WHAT YOU HAVE TO DO: Please reproduce all entries word for word and omit their pictures.

:: PROVIDED INFORMATION ::

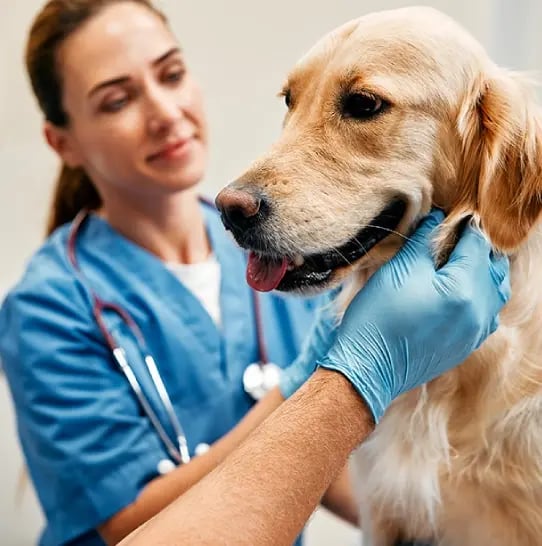 Vet examining a dog.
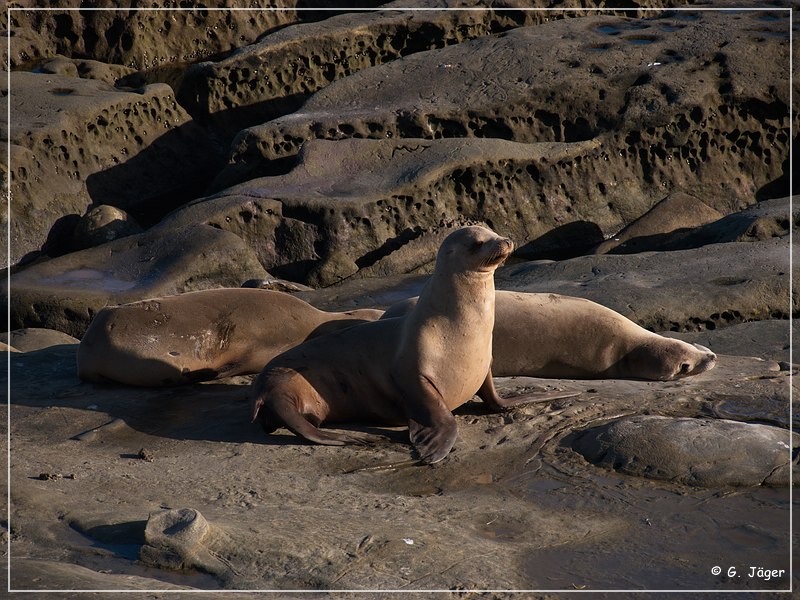 la_jolla_cove_11.jpg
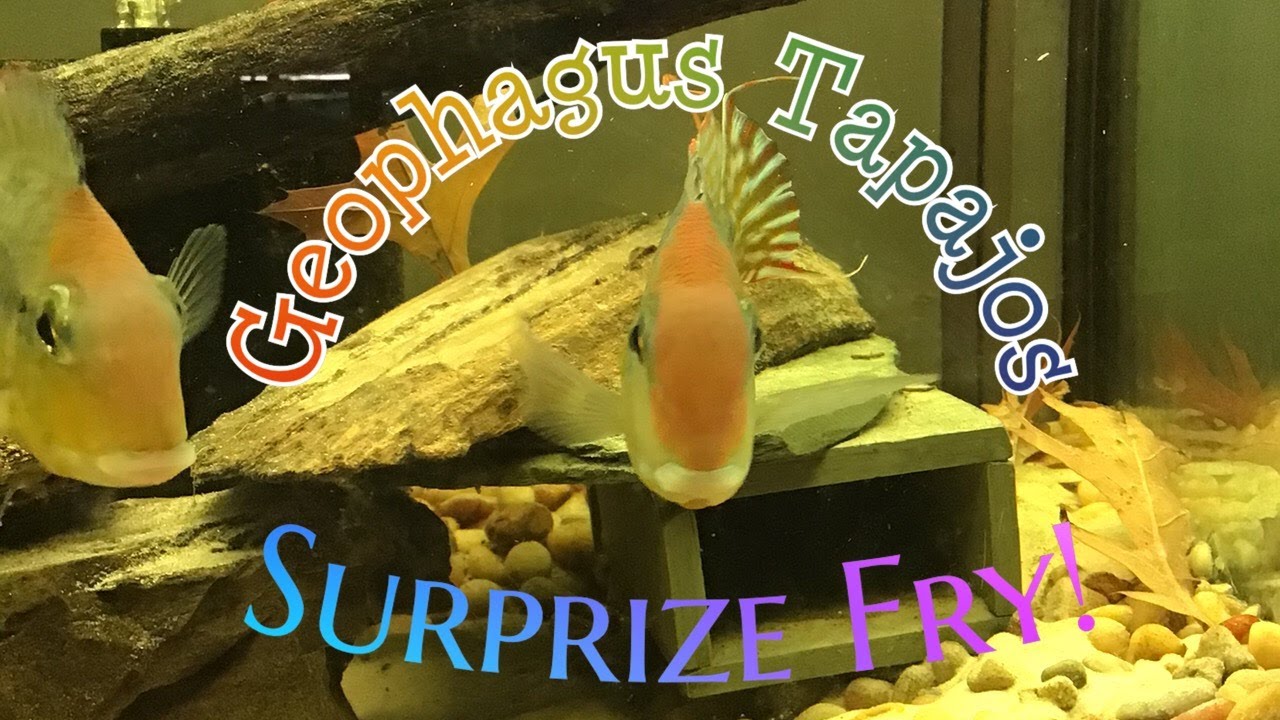 Geophagus Tapajos Surprize Fry
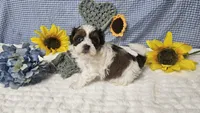 Tiny Charlie , a male Shihpoo for sale in Springfield, MO – 10 of 10
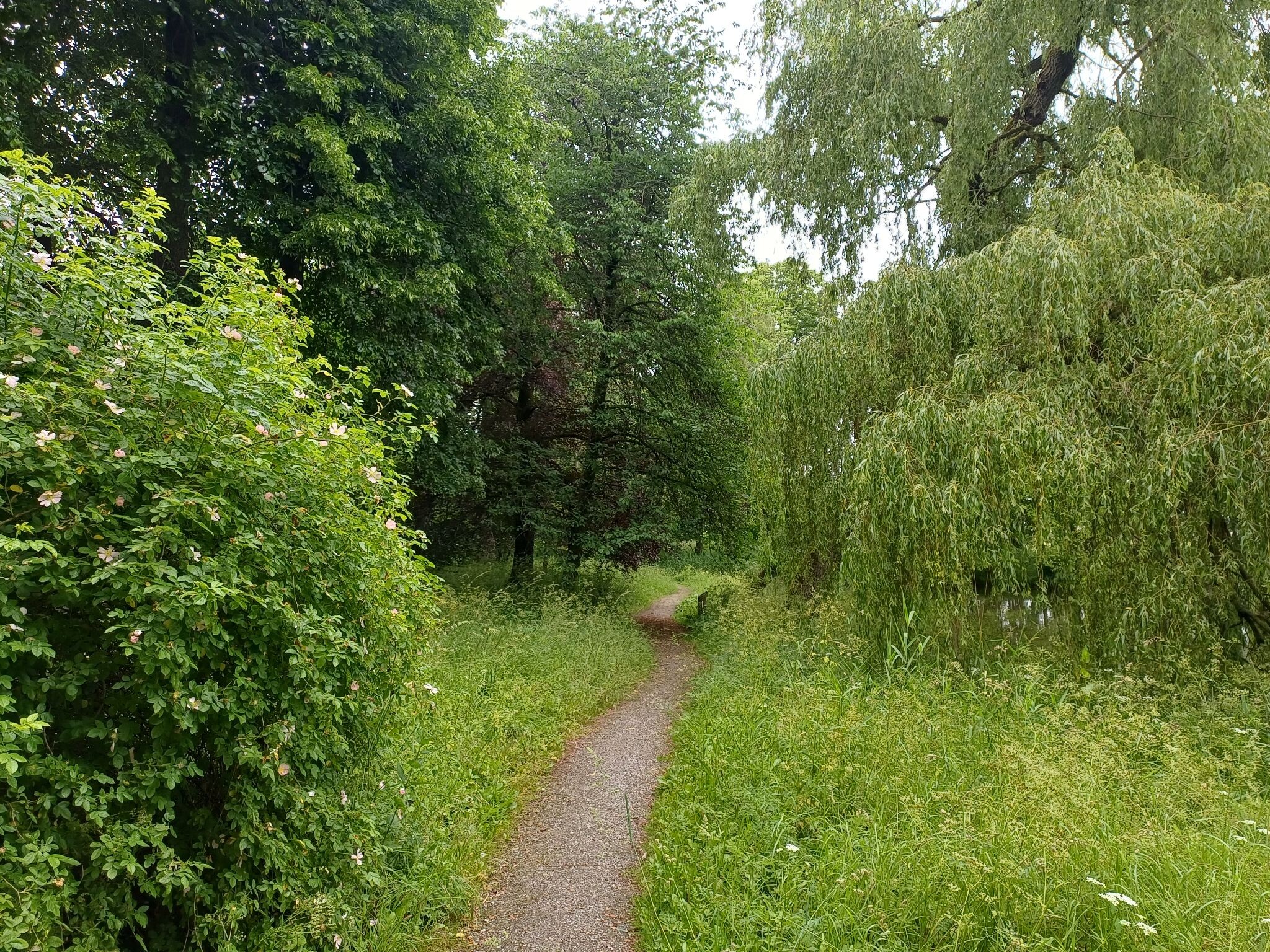 Foto van opname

:::

RESULT FOR THIS EXERCISE:
 Vet examining a dog.
 la_jolla_cove_11.jpg
 Geophagus Tapajos Surprize Fry
 Tiny Charlie , a male Shihpoo for sale in Springfield, MO – 10 of 10
 Foto van opname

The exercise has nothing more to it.